# has any one tried rachel ray's NUTRISH dog food?



## uniquelovdolce (Mar 10, 2010)

they gave my boyfriend like 4 sample size bags and i tried it out yesterday and dolce loved it!


----------



## Ladysmom (Oct 19, 2004)

That's one of the brands on the list of foods that contain menadione.

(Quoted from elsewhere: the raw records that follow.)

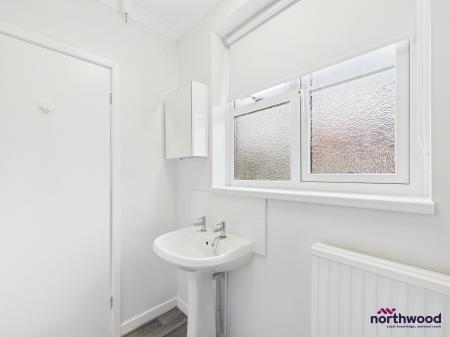 1 bedroom Bungalow to let in Farlaine Road, Willingdon, Eastbourne, BN21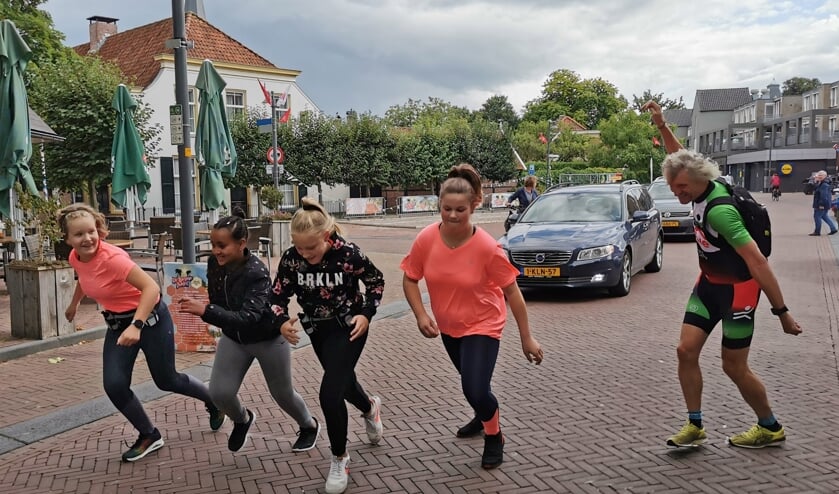 <p>De deelnemende meiden starten aan hun eigen Run Bike Run. Voorzitter Maarten van Bree geeft het startschot op de wat druilerige vrijdag.</p>
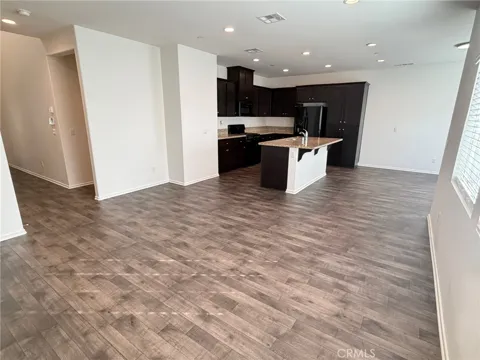 24325 Bay Laurel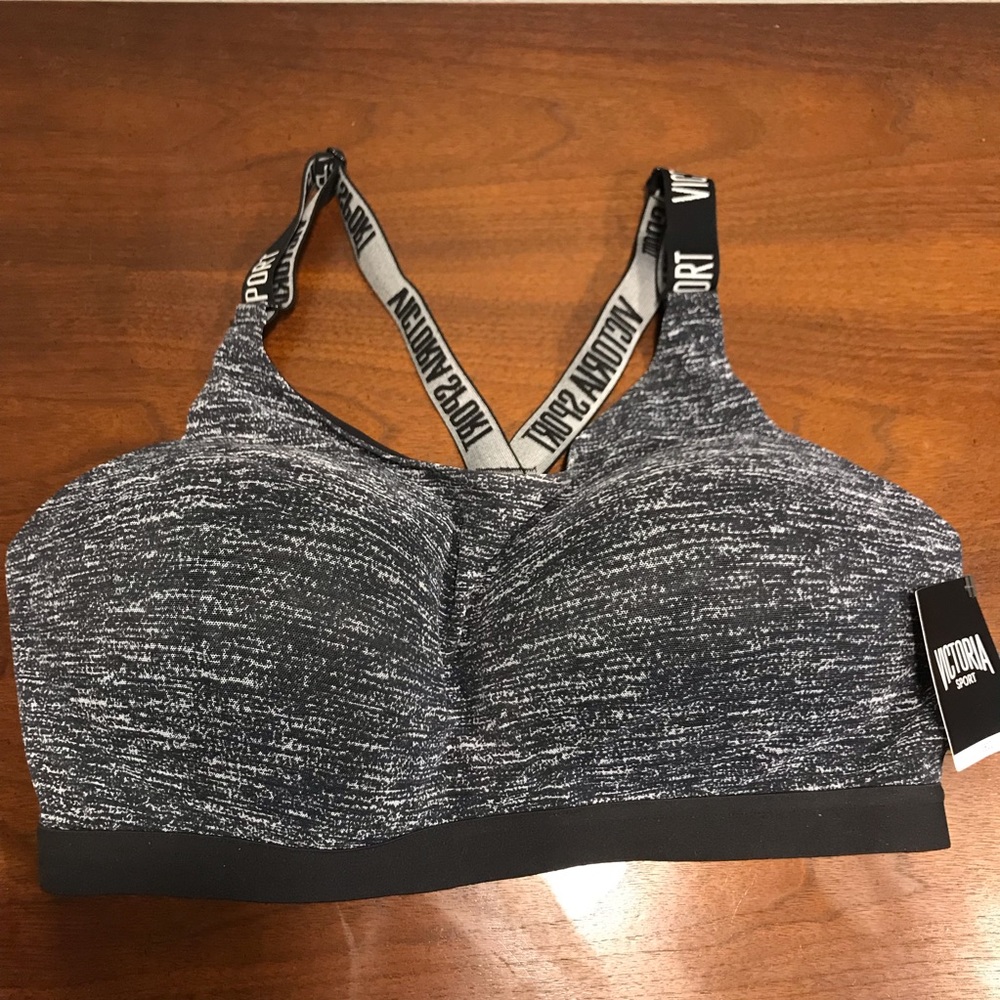 38DD Victoria’s Sports Bra Never Worn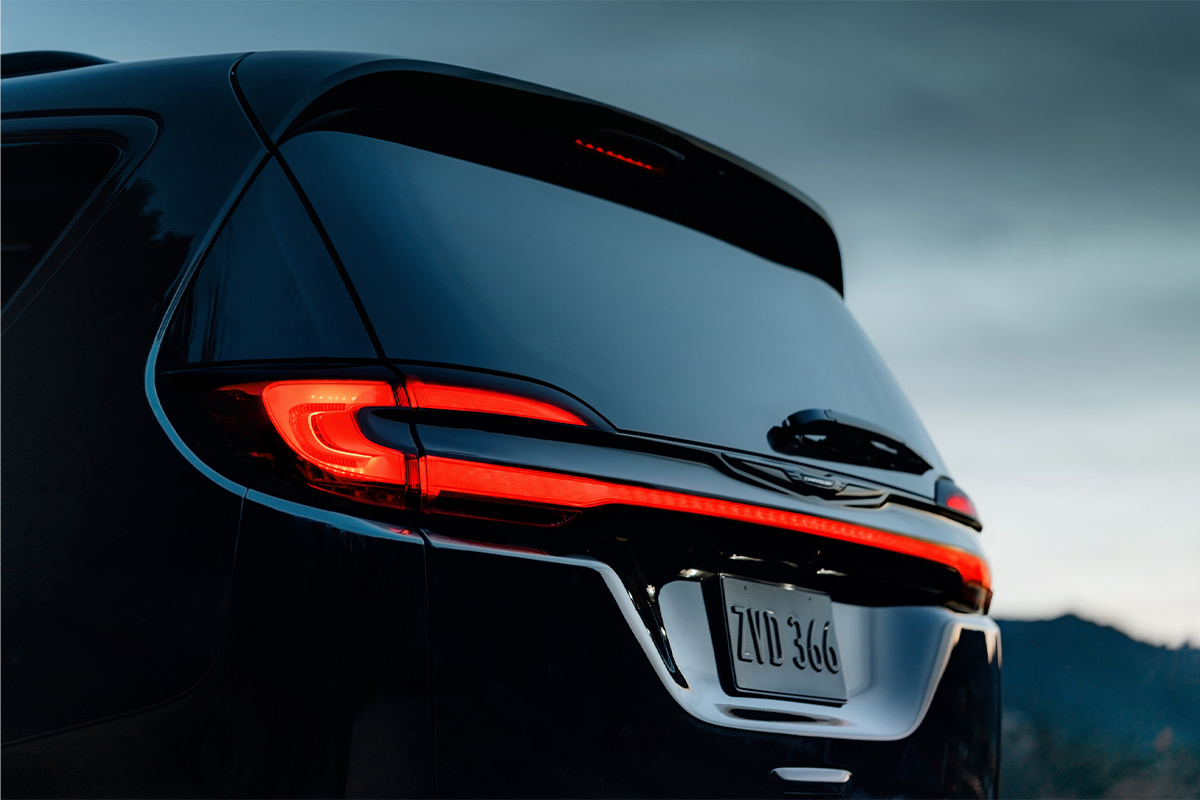 2024 Chrysler Pacifica Image 02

http://spoiledmaltese.com/forum/60-maltese-food-snacks-treats/108624-dog-food-ingredient-wary.html


----------



## uniquelovdolce (Mar 10, 2010)

oo wow thank u much ! i was reading up on it too , n it seems like it has very little chicken and alot of different meals and chemicals.. n he gobbled it up . crazy.


----------



## Ladysmom (Oct 19, 2004)

Not a great review:

Dog Food Review: Rachael Ray's Nutrish - Associated Content - associatedcontent.com


----------



## uniquelovdolce (Mar 10, 2010)

yes thats the same one i read! i will def not be giving dolce anymore of this , its crazy how they word everything to try to trick consumers into thinking its actually good natural food.. i have learned so much here in SM because i would have never known half of what i know if it werent for this forum.


Ladysmom said:


> Not a great review:
> 
> Dog Food Review: Rachael Ray's Nutrish - Associated Content - associatedcontent.com


----------